▶ **The task**:
The records below are to be reproduced exactly, and no picture should appear in the copy.

▶ **Given data**:
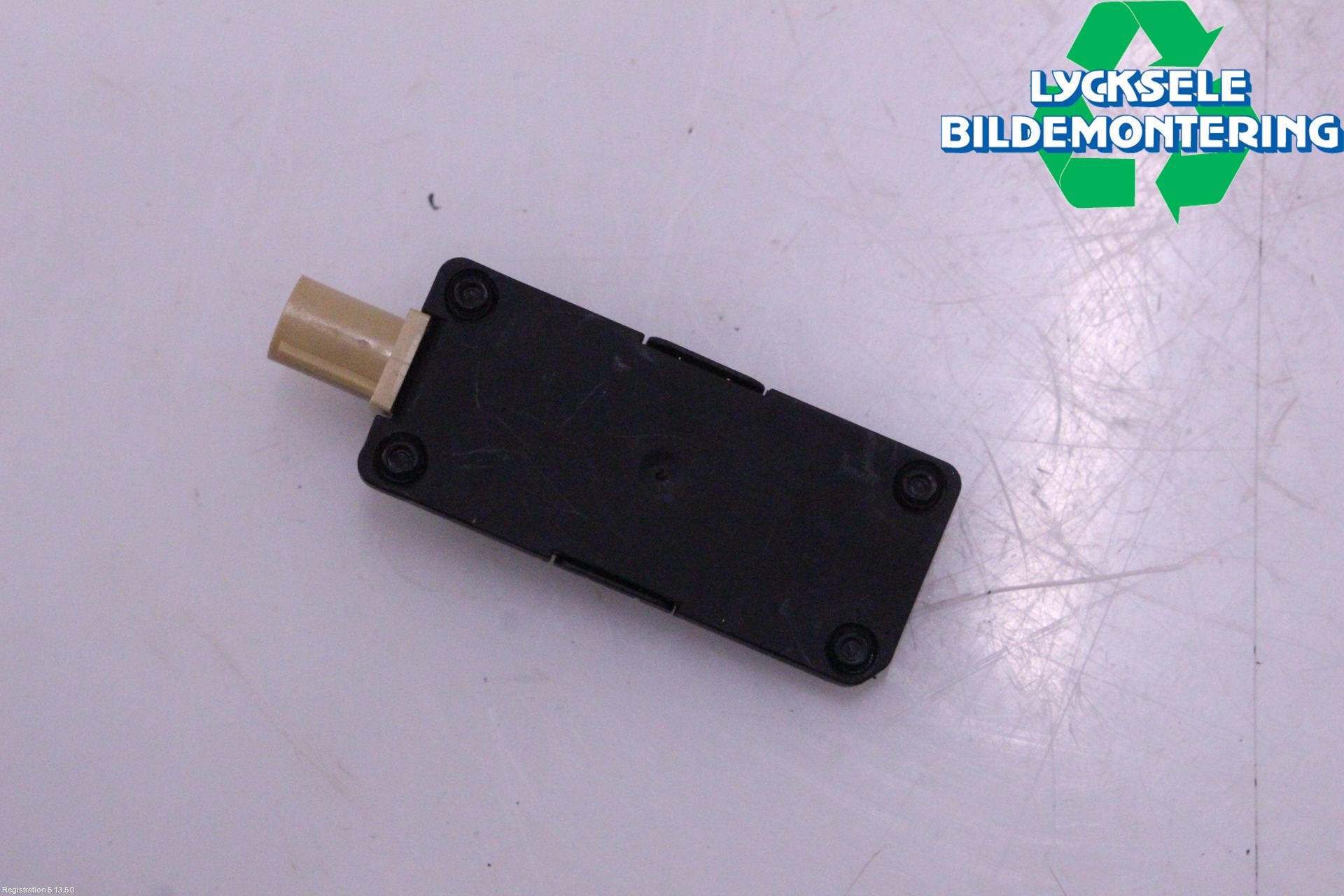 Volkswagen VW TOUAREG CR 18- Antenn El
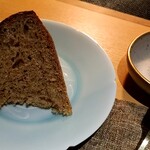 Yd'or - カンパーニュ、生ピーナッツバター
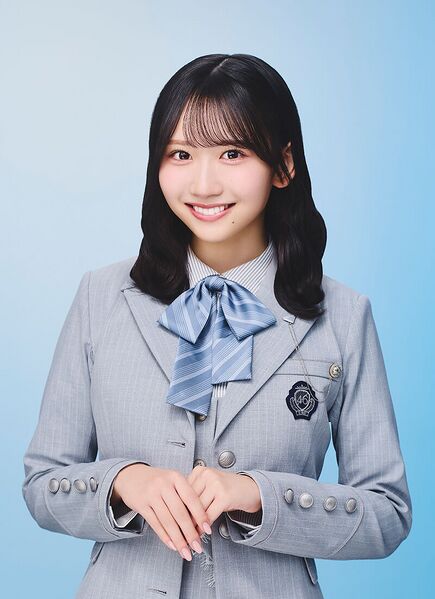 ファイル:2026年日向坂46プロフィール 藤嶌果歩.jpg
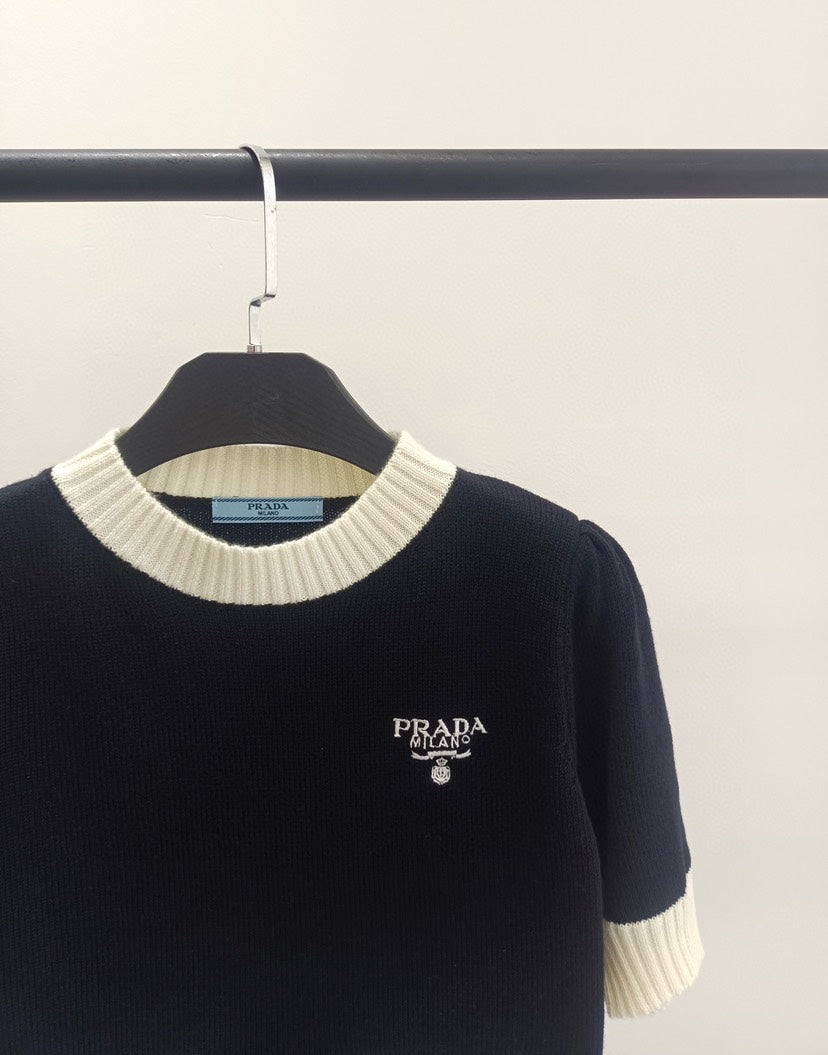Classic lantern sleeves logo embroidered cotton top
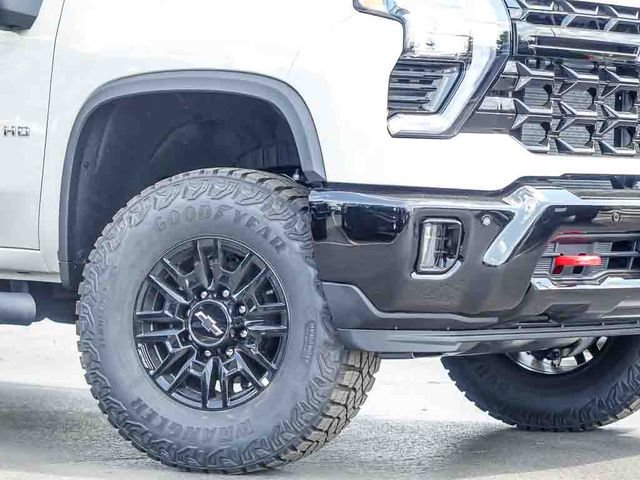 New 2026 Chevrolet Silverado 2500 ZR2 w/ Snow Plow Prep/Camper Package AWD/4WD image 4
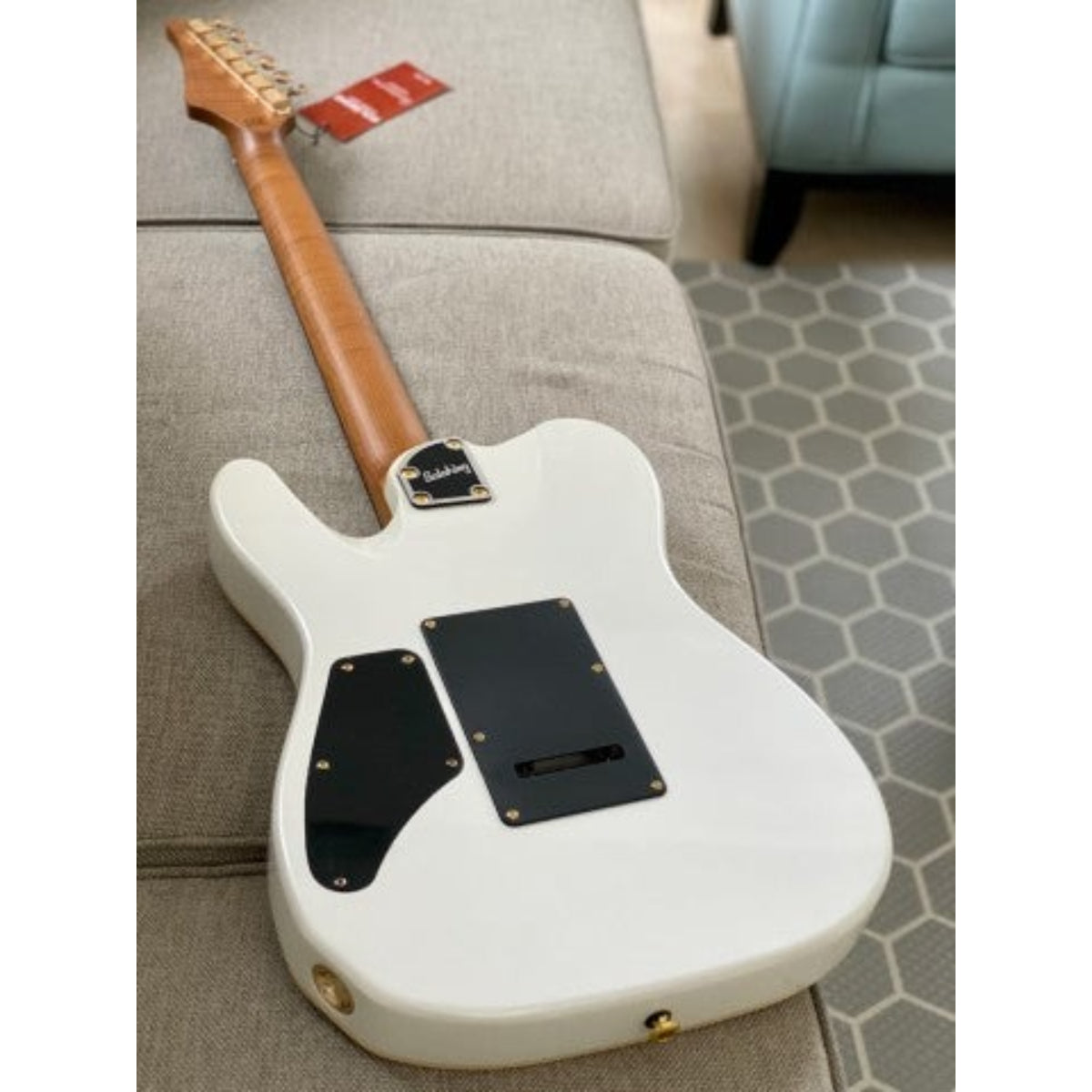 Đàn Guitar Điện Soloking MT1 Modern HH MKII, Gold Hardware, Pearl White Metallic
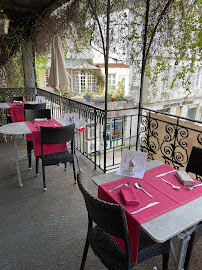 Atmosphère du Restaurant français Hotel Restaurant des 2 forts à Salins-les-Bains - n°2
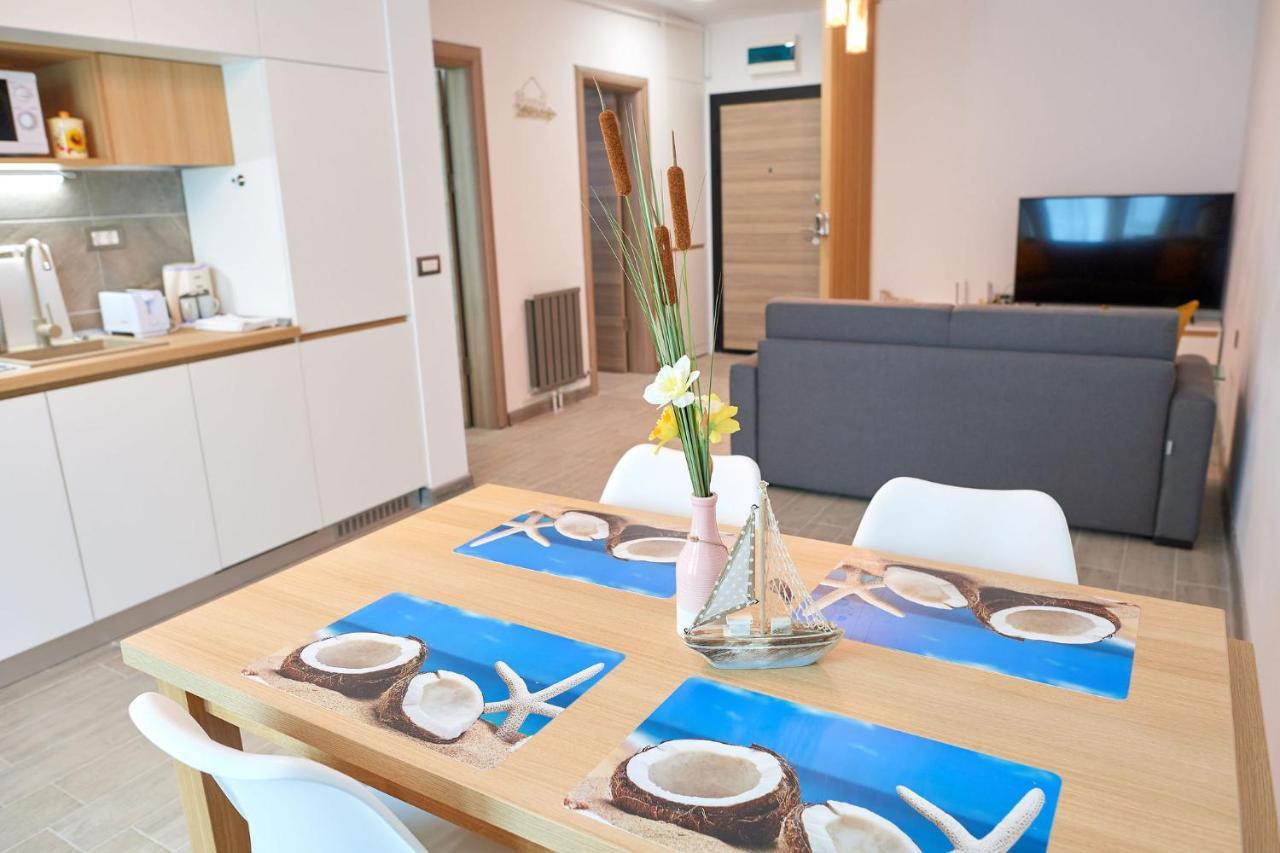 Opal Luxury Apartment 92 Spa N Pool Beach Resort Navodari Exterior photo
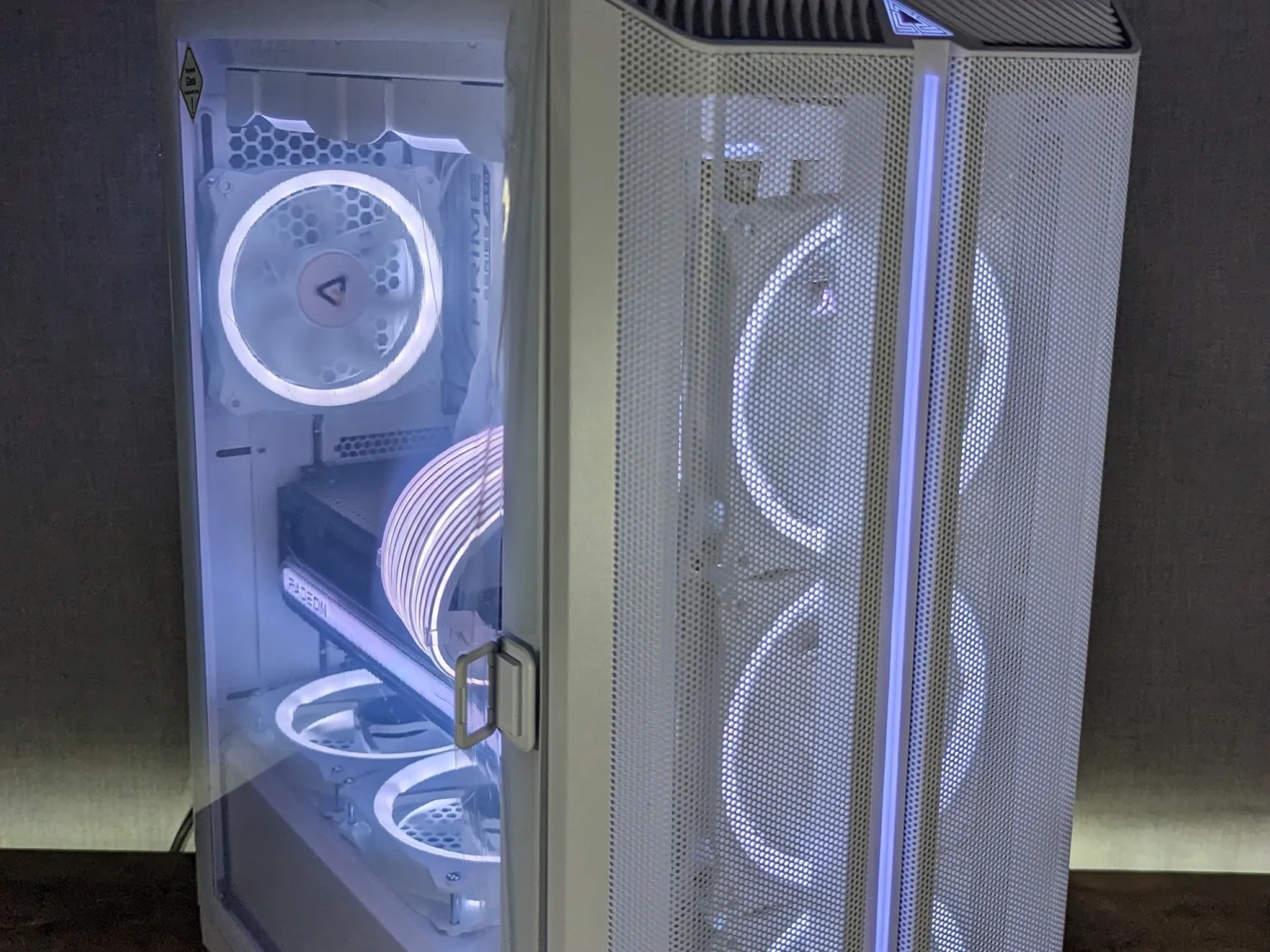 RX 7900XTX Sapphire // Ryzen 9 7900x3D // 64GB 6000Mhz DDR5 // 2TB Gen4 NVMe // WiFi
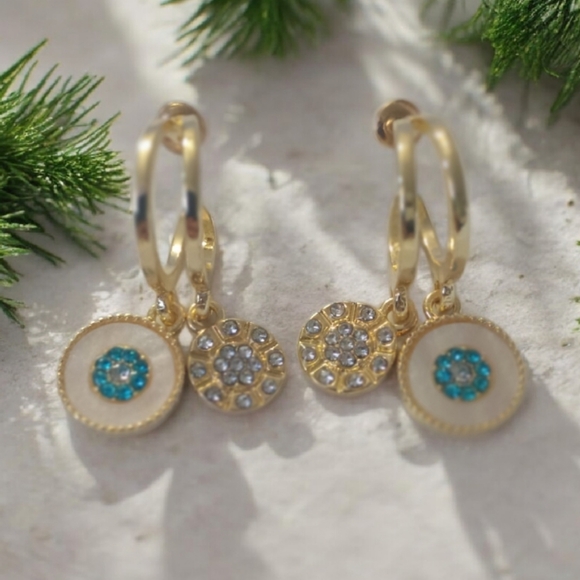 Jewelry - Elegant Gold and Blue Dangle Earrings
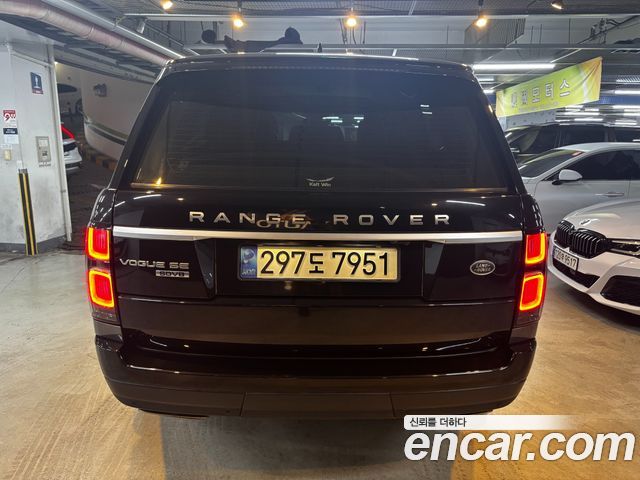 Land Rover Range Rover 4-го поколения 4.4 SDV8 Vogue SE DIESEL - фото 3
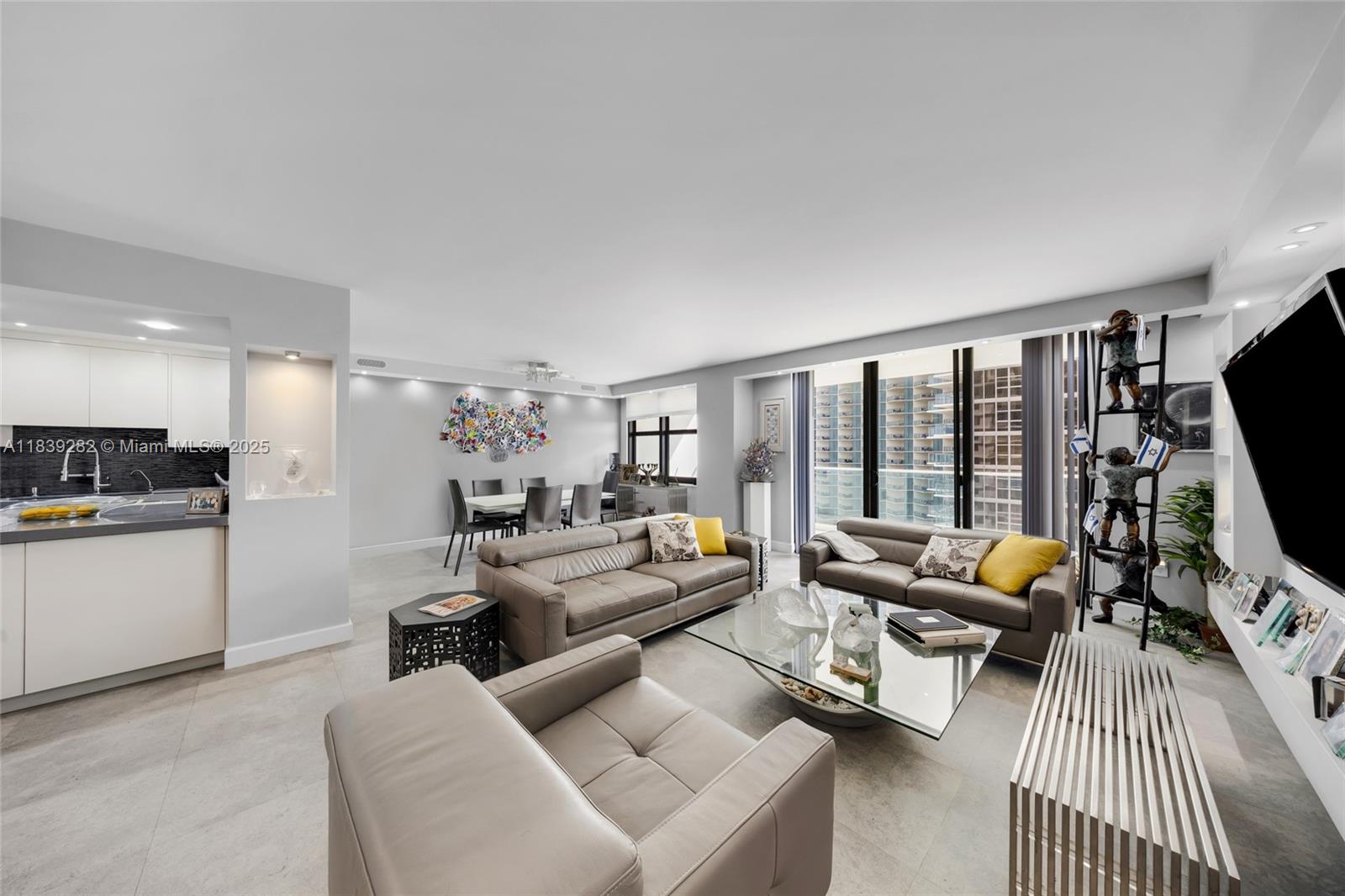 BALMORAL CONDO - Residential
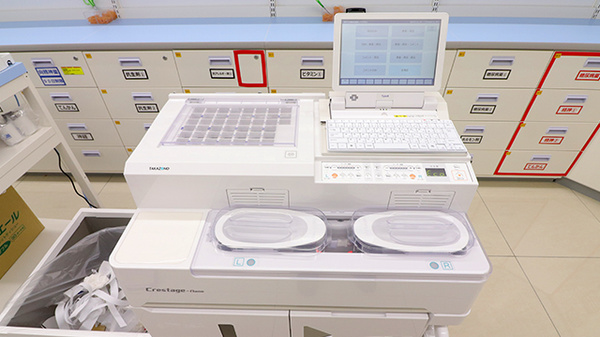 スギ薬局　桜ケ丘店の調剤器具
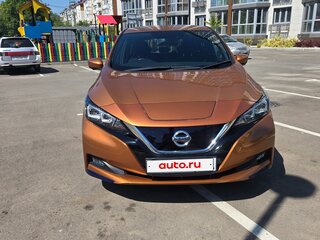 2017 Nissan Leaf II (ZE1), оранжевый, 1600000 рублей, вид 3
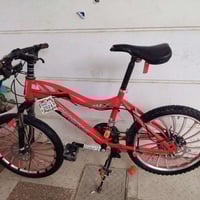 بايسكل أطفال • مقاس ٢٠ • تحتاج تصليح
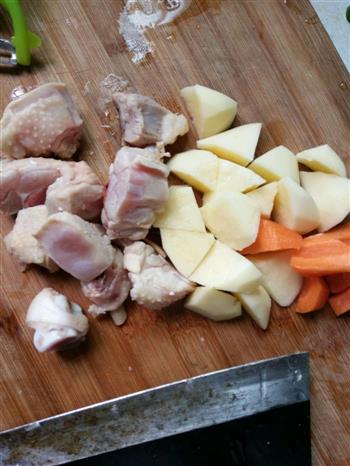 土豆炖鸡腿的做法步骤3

▶ **Solution to the problem**:
 Volkswagen VW TOUAREG CR 18- Antenn El
 Yd'or - カンパーニュ、生ピーナッツバター
 ファイル:2026年日向坂46プロフィール 藤嶌果歩.jpg
Classic lantern sleeves logo embroidered cotton top
 New 2026 Chevrolet Silverado 2500 ZR2 w/ Snow Plow Prep/Camper Package AWD/4WD image 4
 Đàn Guitar Điện Soloking MT1 Modern HH MKII, Gold Hardware, Pearl White Metallic
 Atmosphère du Restaurant français Hotel Restaurant des 2 forts à Salins-les-Bains - n°2
 Opal Luxury Apartment 92 Spa N Pool Beach Resort Navodari Exterior photo
 RX 7900XTX Sapphire // Ryzen 9 7900x3D // 64GB 6000Mhz DDR5 // 2TB Gen4 NVMe // WiFi
 Jewelry - Elegant Gold and Blue Dangle Earrings
 Land Rover Range Rover 4-го поколения 4.4 SDV8 Vogue SE DIESEL - фото 3
 BALMORAL CONDO - Residential
 スギ薬局　桜ケ丘店の調剤器具
 2017 Nissan Leaf II (ZE1), оранжевый, 1600000 рублей, вид 3
 بايسكل أطفال • مقاس ٢٠ • تحتاج تصليح
 土豆炖鸡腿的做法步骤3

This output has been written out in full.